Segment Open

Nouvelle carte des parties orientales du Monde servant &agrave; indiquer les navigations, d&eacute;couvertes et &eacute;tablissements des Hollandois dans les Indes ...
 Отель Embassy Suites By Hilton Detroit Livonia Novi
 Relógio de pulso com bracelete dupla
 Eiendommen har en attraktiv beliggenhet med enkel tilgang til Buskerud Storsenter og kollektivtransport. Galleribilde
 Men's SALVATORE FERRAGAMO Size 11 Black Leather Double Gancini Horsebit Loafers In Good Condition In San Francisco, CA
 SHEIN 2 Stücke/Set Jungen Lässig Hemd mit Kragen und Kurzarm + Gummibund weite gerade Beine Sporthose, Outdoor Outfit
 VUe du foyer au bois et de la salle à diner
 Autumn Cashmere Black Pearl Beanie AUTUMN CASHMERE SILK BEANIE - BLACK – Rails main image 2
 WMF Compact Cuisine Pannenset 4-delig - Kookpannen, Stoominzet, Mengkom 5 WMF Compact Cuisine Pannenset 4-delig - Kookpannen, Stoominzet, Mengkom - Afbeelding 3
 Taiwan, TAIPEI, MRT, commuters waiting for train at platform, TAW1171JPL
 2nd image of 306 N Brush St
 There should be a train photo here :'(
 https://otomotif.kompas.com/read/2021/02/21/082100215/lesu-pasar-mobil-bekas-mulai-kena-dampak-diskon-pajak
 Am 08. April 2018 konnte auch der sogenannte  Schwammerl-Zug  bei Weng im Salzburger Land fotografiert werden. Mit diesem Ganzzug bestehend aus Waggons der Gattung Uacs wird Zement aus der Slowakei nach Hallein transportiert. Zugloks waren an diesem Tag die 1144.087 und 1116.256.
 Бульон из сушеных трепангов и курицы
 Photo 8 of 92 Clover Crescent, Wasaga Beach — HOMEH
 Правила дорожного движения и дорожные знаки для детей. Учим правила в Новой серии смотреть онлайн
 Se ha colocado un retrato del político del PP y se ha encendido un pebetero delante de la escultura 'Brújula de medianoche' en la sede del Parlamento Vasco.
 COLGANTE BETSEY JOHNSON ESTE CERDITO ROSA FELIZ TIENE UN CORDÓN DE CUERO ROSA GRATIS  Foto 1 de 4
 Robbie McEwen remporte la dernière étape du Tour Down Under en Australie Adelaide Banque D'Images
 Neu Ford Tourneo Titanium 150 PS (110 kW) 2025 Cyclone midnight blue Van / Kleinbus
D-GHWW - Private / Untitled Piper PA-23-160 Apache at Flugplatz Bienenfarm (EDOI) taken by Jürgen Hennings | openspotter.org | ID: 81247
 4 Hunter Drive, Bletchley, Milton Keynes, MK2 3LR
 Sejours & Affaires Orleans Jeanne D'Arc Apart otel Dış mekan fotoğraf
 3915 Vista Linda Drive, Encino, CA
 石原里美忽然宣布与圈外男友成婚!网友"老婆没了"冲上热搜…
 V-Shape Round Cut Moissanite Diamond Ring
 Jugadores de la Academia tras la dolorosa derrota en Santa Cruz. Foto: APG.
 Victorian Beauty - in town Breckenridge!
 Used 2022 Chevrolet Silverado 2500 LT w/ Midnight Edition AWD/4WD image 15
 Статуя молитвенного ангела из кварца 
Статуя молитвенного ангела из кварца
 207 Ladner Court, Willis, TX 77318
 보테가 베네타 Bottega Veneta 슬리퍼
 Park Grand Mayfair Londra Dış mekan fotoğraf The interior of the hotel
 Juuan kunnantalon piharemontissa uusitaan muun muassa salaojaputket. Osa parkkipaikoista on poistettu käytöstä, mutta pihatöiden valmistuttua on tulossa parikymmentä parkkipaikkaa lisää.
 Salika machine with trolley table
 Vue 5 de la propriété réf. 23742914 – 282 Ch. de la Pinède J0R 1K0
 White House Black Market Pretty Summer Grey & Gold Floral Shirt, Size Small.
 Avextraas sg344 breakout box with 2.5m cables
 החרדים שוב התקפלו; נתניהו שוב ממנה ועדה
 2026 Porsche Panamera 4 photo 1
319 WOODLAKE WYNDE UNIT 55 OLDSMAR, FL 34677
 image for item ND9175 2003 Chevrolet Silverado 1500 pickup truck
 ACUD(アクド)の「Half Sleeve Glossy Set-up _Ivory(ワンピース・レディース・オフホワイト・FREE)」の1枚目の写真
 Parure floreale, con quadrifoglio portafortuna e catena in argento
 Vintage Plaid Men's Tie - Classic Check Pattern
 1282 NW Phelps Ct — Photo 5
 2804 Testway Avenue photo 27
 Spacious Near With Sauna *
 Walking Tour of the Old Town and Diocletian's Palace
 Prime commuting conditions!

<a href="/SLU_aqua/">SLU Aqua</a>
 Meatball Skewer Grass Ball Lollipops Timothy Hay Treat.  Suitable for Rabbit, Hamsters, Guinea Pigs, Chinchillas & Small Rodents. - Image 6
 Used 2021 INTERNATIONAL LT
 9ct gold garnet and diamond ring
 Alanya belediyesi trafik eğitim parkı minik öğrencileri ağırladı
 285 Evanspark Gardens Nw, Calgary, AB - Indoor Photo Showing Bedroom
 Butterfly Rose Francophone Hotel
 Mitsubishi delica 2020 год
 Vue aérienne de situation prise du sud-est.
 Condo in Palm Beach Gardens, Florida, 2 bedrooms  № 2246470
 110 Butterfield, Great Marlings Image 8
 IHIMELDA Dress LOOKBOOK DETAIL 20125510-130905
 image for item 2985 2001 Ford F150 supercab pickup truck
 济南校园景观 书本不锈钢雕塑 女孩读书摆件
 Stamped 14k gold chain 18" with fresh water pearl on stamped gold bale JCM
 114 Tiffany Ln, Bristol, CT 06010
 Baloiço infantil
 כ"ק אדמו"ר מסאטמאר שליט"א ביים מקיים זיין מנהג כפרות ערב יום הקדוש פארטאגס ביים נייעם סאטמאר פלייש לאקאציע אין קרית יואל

Segment Closed

WORK ITEM: From the entries above, list each line with "Ford" in it.

EXERCISE RESULT:
 Neu Ford Tourneo Titanium 150 PS (110 kW) 2025 Cyclone midnight blue Van / Kleinbus
 image for item 2985 2001 Ford F150 supercab pickup truck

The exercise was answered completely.